* Collected data *
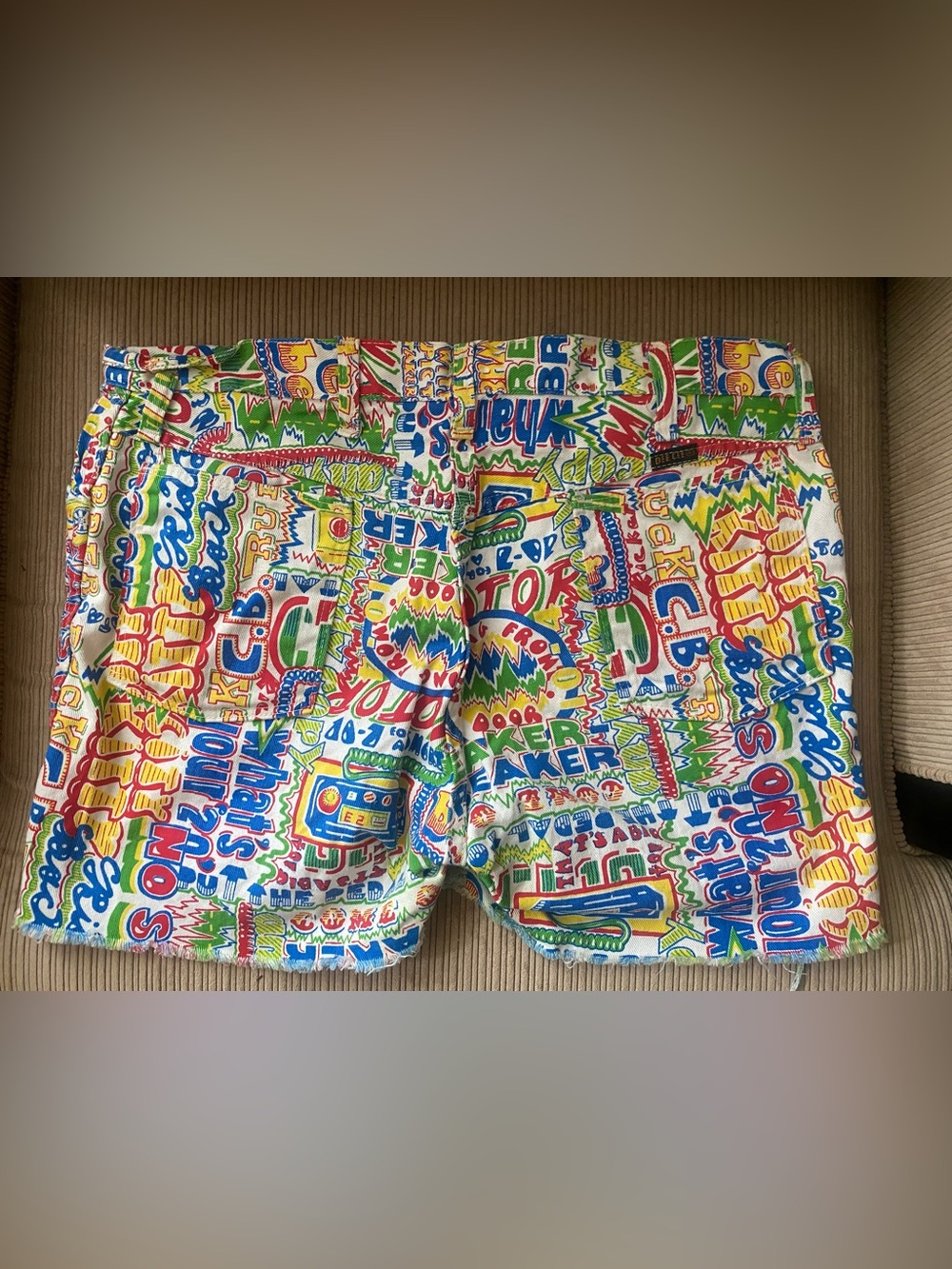 Vintage novelty print Dee Cee cutoff shorts, 1970s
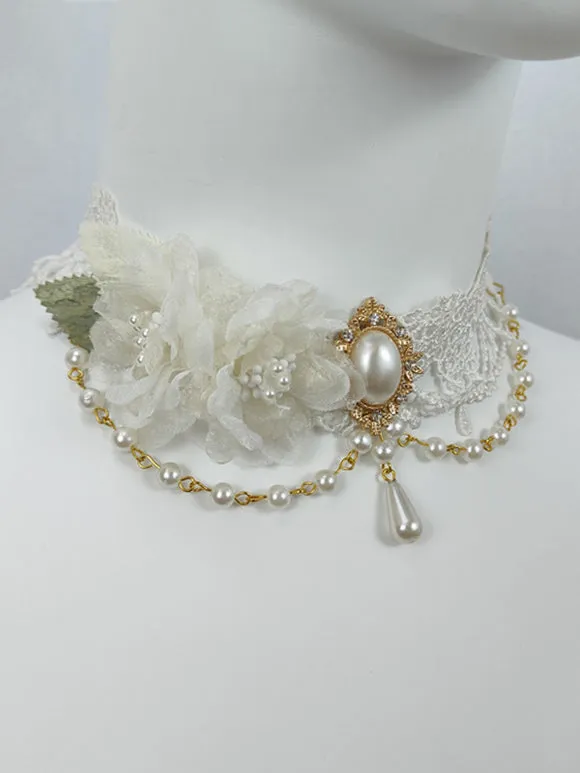 Gothic Lolita Accessories Light Pink Chains Pearls Choker Miscellaneous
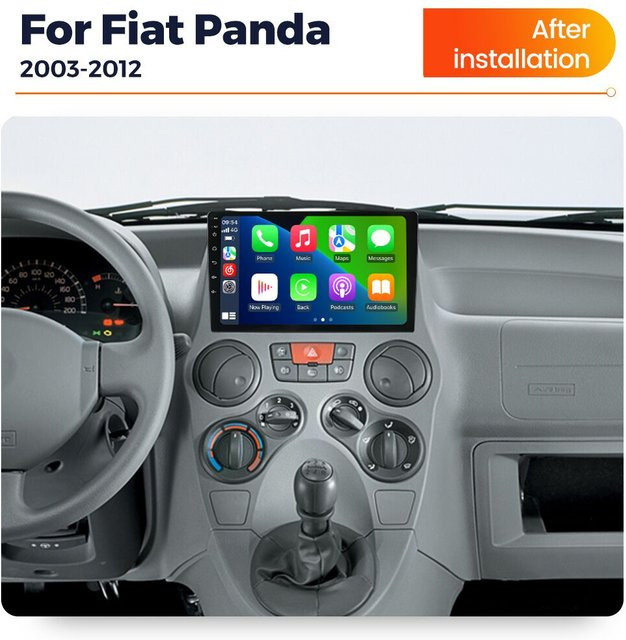 NaviFly Android 14 Autoradio mit Carplay, GPS Navigation und Video Player für Fiat Panda 169 (2003 - 2012), Schwarz - Bild 1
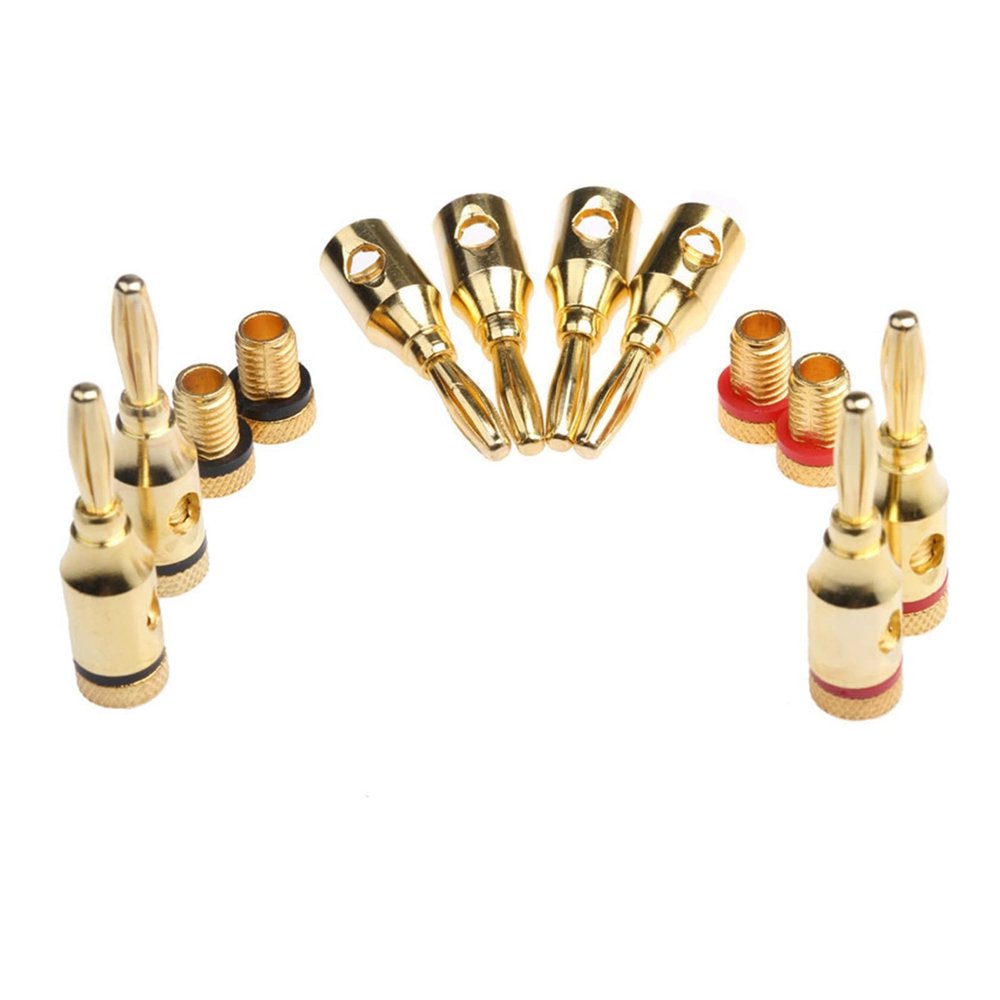 AANAN 20/8Pc 4mm 24k Gold-Plated Musical Cable Wire Banana Plug Audio Speaker Connector Plated Musical Speaker Jack Plug Pin Connector (Color : 8PCS)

* Your assignment *
The copy should begin at the line containing "NaviFly Android 14" and end at the last line of the data above; please restate those lines word for word without the pictures.

* The completed task *
 NaviFly Android 14 Autoradio mit Carplay, GPS Navigation und Video Player für Fiat Panda 169 (2003 - 2012), Schwarz - Bild 1
 AANAN 20/8Pc 4mm 24k Gold-Plated Musical Cable Wire Banana Plug Audio Speaker Connector Plated Musical Speaker Jack Plug Pin Connector (Color : 8PCS)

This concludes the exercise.